In the end, we only get one lifetime (at least in this form, depending on what you believe) to create meaning. A universal truth I keep reminding myself of is that people never regret not spending more time at work at the end of their lives. People regret not laughing more, crying more, playing more, connecting with loved ones more.

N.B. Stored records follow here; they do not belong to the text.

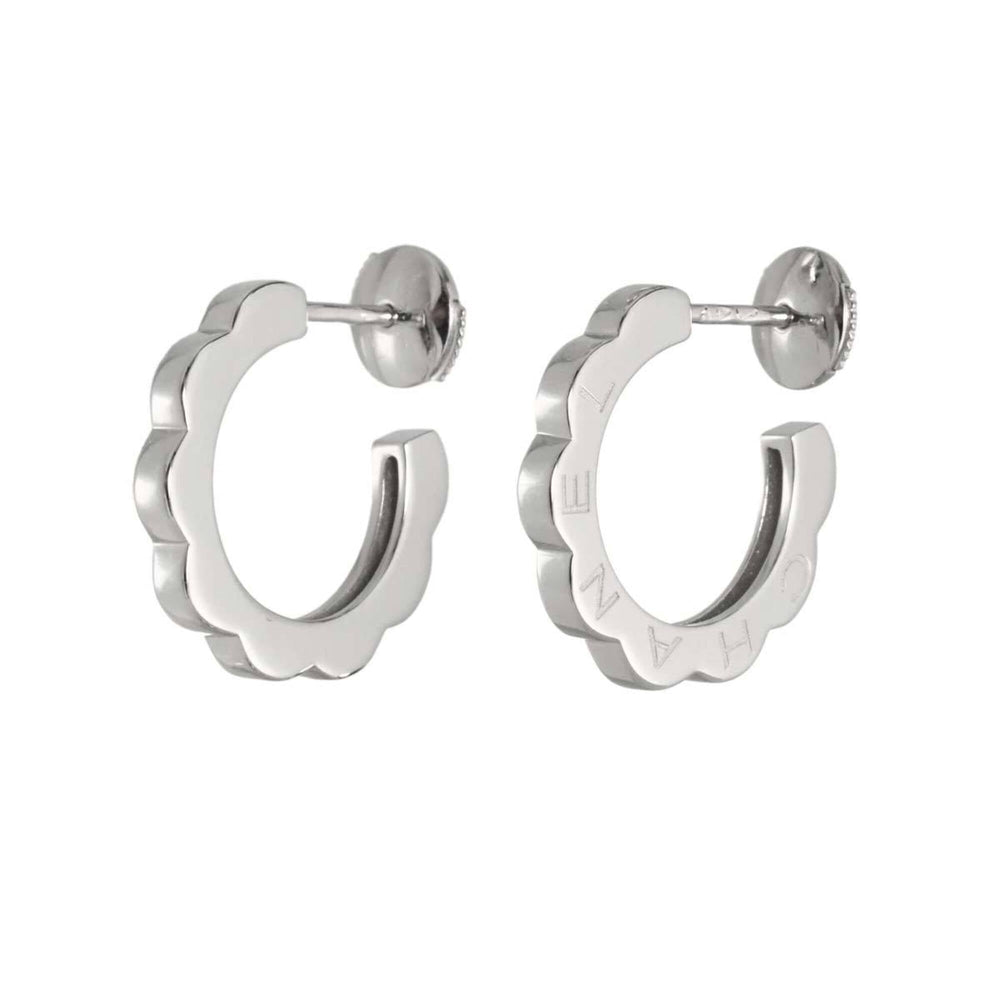 Chanel Profield Camellia Earrings, 18K White Gold (750), Pierced Earrings — Like New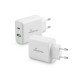 MediaRange 43W fast charger with USB-A and USB-C output, white (MRMA113)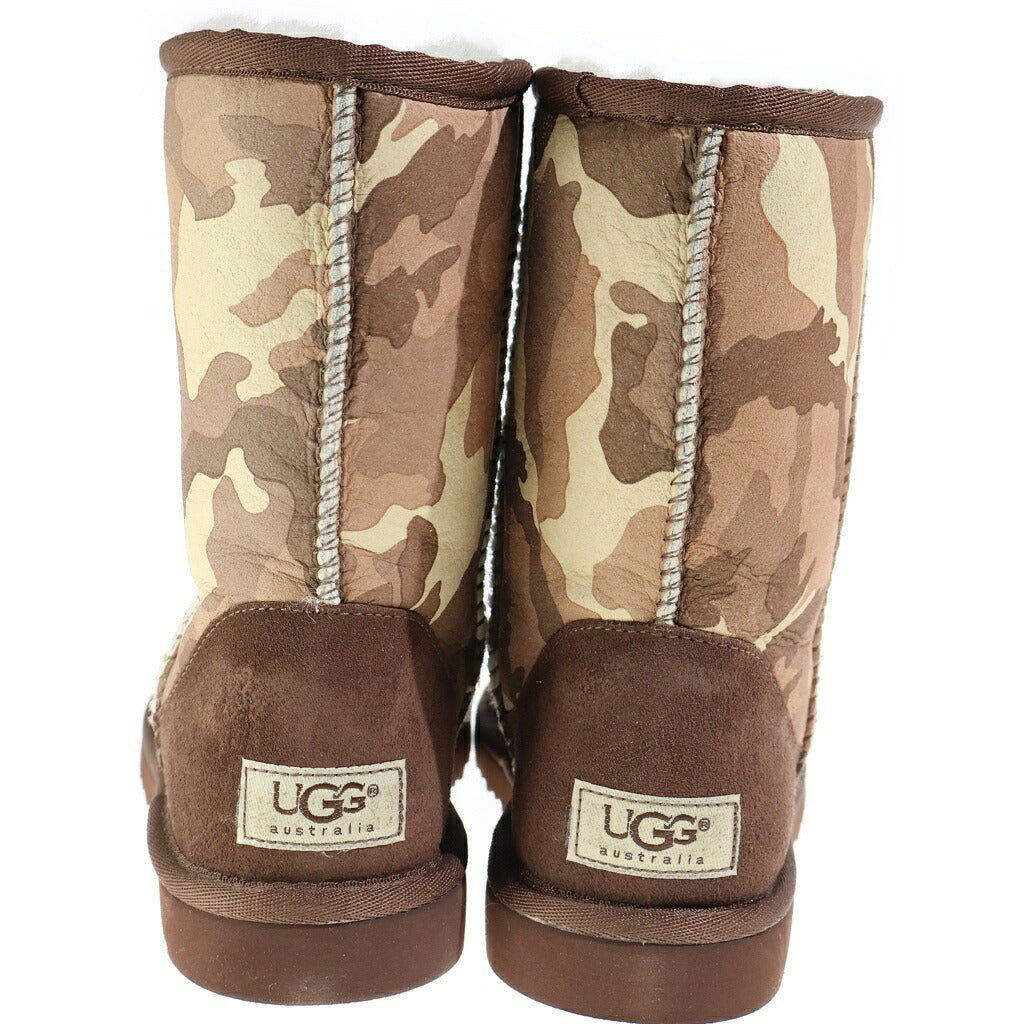 CHROME HEARTS(クロムハーツ) UGG MIAMI LTD アグ BSフレア装飾ムートンレザーブーツ カモフラ/ベージュ/ブラウン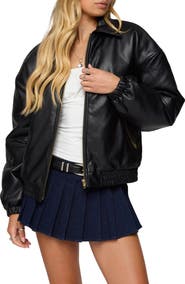 EDIKTED Halley Faux Leather Bomber Jacket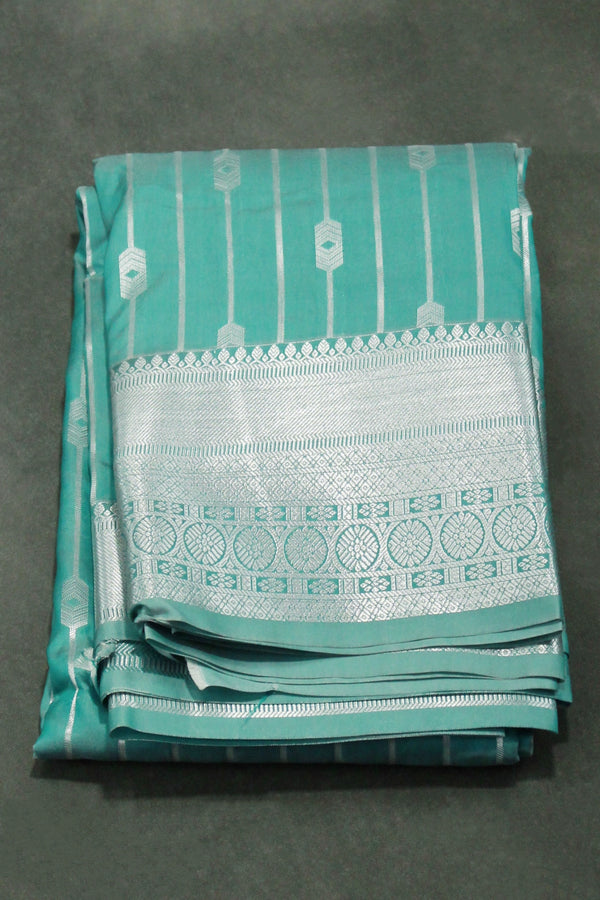 Green Bridal Vaira Oosi Semi Silk Saree with Silver Zari Border and Blouse Piece - Green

So, here I go into the next stage of my journey. Perfectly timed with the spring equinox. What better metaphor than spring to begin anew? I might have liked having 13 weeks of winter to rest and recuperate from the past 30 years, but I suspect not. After all, it can be hard work getting rest.

Socks and Sandals


I’ve allocated for myself two weeks of vacation before I start working on Coop Guitars. I have decided to spend this time taking care of myself by doing only what I feel like doing.
Today, I felt like riding my bike to a yoga class a 20 minute ride away. So, I rode my bike 20 minutes across town and took that yoga class at 10:30 in the morning–a time I’ve never been free to go to yoga class before.
I breathed through the class with the presence of mind I always want in yoga class but rarely achieve.
As I rode my bike back across town, climbing a hill into a head wind on surprisingly fatigued legs, I wanted the traffic light mid-way up the hill to turn green. I was determined it was going to change. And it did! But it changed to a left turn arrow and I was going straight.
Had I trusted the strength of my will to control traffic lights less, I might have unclipped a shoe from my pedals. Instead, I crashed to the ground in one of those humiliating moments I have become all too accustomed to. On the plus side, I have gotten pretty skilled at falling. I managed to fall slowly enough to only scrape one knee slightly.
This just goes to prove you can’t always get what you want. Not even when you’re on a vacation to do only what you please.
I popped up quickly, hoping to avoid alarming any drivers who were probably wondering how on earth I managed to fall in the first place. I pedaled home surprisingly non-plussed. After all, it was a moment and it was gone.
I returned home to a quiet dog who had been home alone for 2 full hours. This is a new record. My husband returned for lunch at the same time. We sat on the floor with our ecstatic dog running in circles, flopping himself over periodically on top of us, and giving us stinky dog kisses whenever we didn’t move fast enough. We laughed at his antics and sheer joy that we had returned safely.
Then, I felt like walking the dog. I slipped my Chacos over my socks. I felt like wearing socks with my sandals. I walked around the park for the 2nd time today feeling my feet in my socks, warm and comfy. I listened to the frogs singing of spring. I looked for the Flicker calling loudly in a dead tree. I watched a turtle swimming slowly through the wetland. I saw a friend and chatted with her about the joy of walking in socks and sandals.
Then, I made myself a smoothie. Full of goodness–local honey, whey protein, frozen organic berries, turmeric, cinnamon, black pepper, and a pinch of nutmeg. Then, I decided I felt like writing a post on a day when I don’t write posts anymore.
It’s funny what can feel like an adventure.

A New Year

Here we are.  A new year.  Another marker of the passage of time.  So, taking stock of some of my 2013 high/low lights:

I experienced complete and utter presence in the moment repeatedly while learning how to handle birds of prey.  I also began to understand how much more I have to learn.

I sat silently with my husband on a cliff in South Cumberland State Park and listened to the wind blowing through the pine trees, experiencing the simple joy of knowing that the wind, the trees, the rocks, my husband, and I were all connected in that moment.

I listened to a troubled friend with an open heart and felt their pain with empathy and without judgment.  More frequently, I fell back to my old habit of listening, judging, and trying to fix.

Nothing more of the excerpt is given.